◆ **INSTRUCTIONS TO FOLLOW**
None of the pictures should be copied, though every line of the listing must be printed exactly.

◆ **DATA PROVIDED**

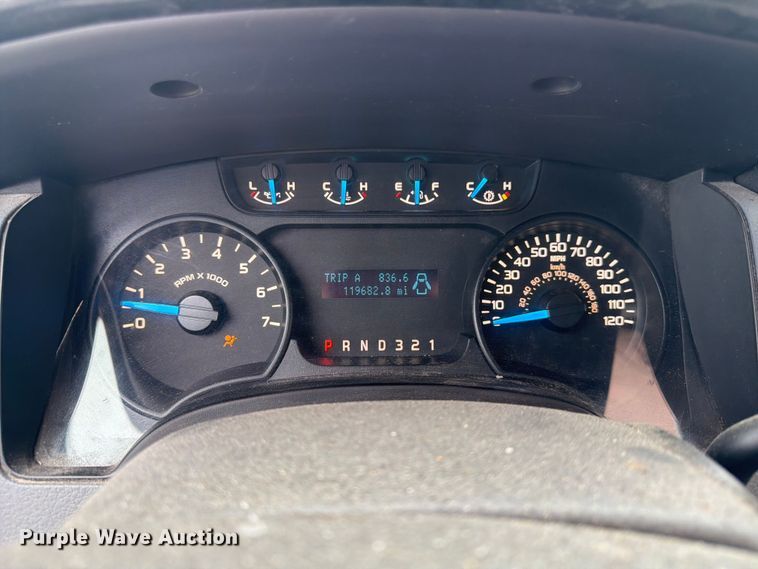 image for item EA4926 2014 Ford F150 Ext. Cab pickup truck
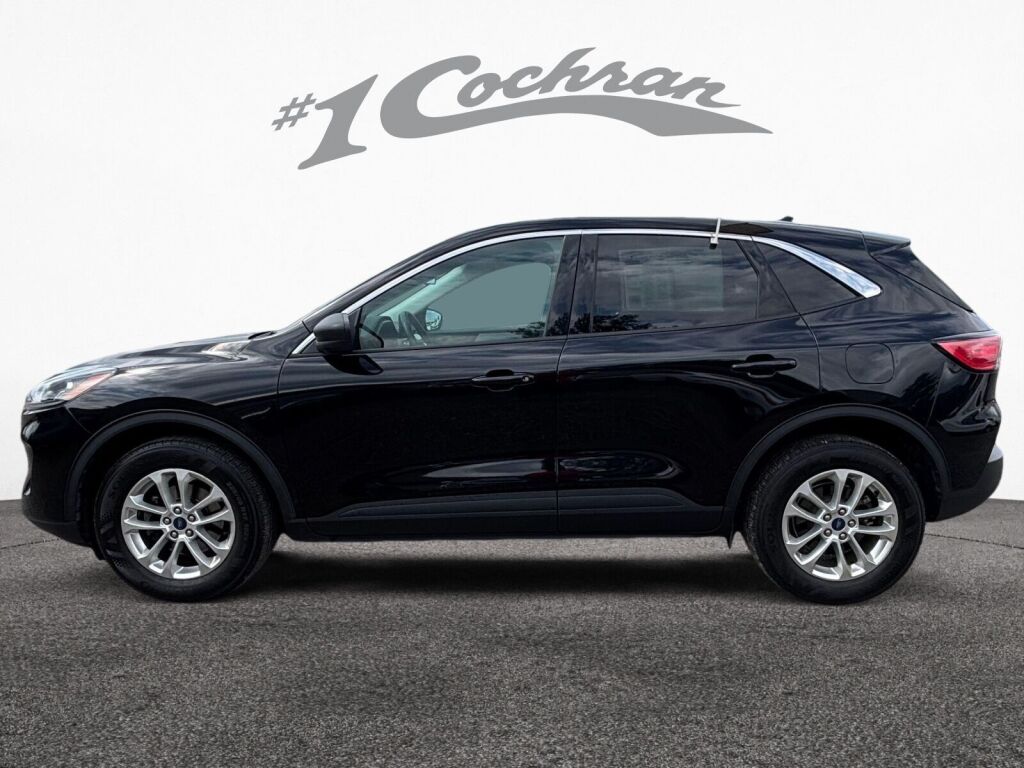 2022 Ford Escape SE photo 4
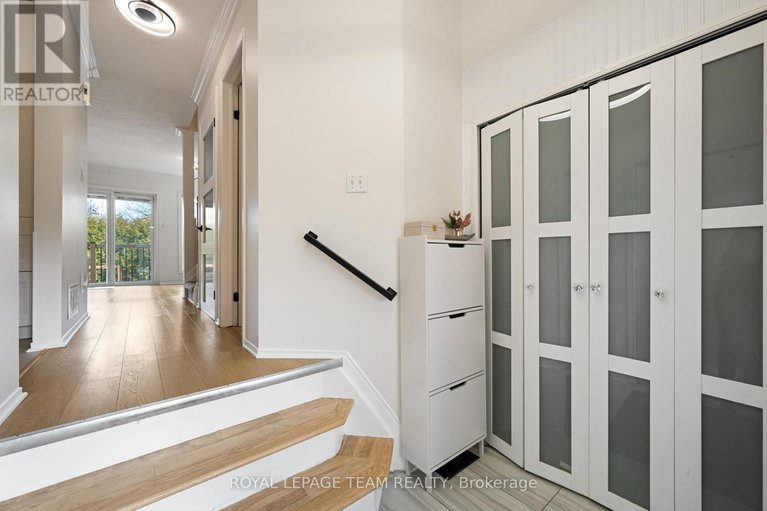 29087494/19-armadale-crescent/cedargrovefraserdale/ottawa/ontario/K2J4A4_4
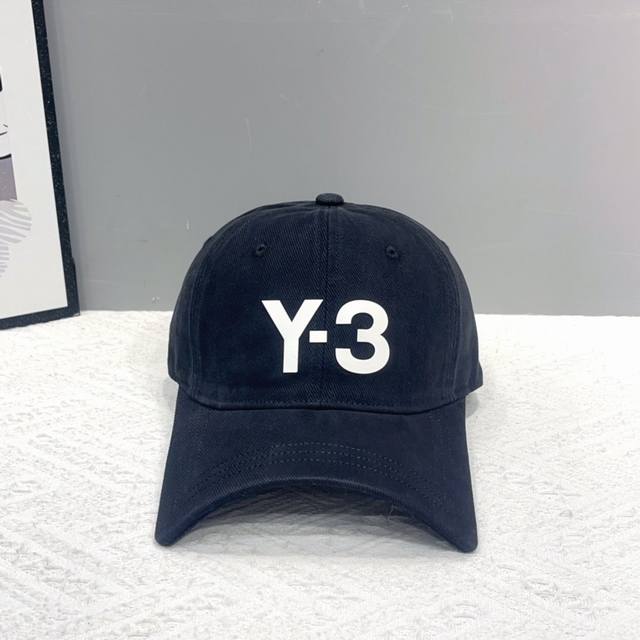 跑量 Y-3～新款棒球帽 独特设计，是潮流穿搭必不可少的单品！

◆ **SOLVED EXERCISE**
 image for item EA4926 2014 Ford F150 Ext. Cab pickup truck
 2022 Ford Escape SE photo 4
 29087494/19-armadale-crescent/cedargrovefraserdale/ottawa/ontario/K2J4A4_4
 跑量 Y-3～新款棒球帽 独特设计，是潮流穿搭必不可少的单品！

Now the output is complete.